They don't have to, but usually those integer multiples will be present as well. Whether they are dominant or not is another matter but it is quite hard to design something in such a way that if it has a natural resonance at a certain frequency that integer multiples will not be present in the response spectrum.
A typical object will have multiple modes of resonance as well.
> usually those integer multiples will be present as well
"usually", under what probability model? A random 3d or 2d shape will have zero harmonic partials with probability 1. What is hard to achieve is having even a few harmonic partials. A rectangular wooden piece is painstakingly carved to have a couple of harmonic partials, in order to become a xylophone or marimba bar.
Yes, but shapes are not usually random. Bars, cylinders, cubes, rectangles, squares and circles are everywhere. That does not mean that they will have a string like attenuation curve for those higher harmonics, but they'll be there.
> Yes, but shapes are not usually random. Bars, cylinders, cubes, rectangles, squares and circles are everywhere.
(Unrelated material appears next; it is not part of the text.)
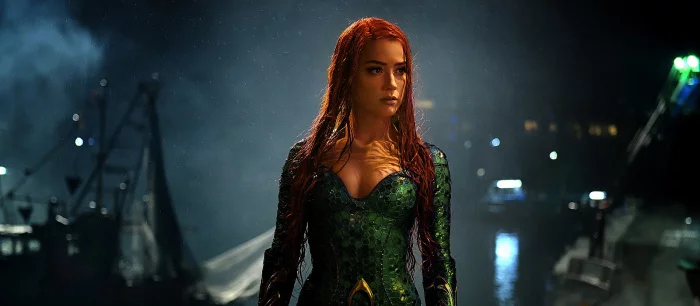 Эмбер Хёрд вновь надела обтягивающие лосины и показала видео с новой тренировкой для «Аквамена 2»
While there are some exceptions, this is skewed in the modern industrial world. If we're making evolutionary scale arguments about sound perception it's a much tougher sell.
Consider one of the only objects that actually matters in this context: vocal cords. Of course it's true that many inert objects don't have audible overtones or resonate at all, but nearly all animal vocalizations do. More complex auditory processing means better ability to distinguish between kin and predators. The fact that non-living objects tend to produce sounds via the same principles is just icing on the cake.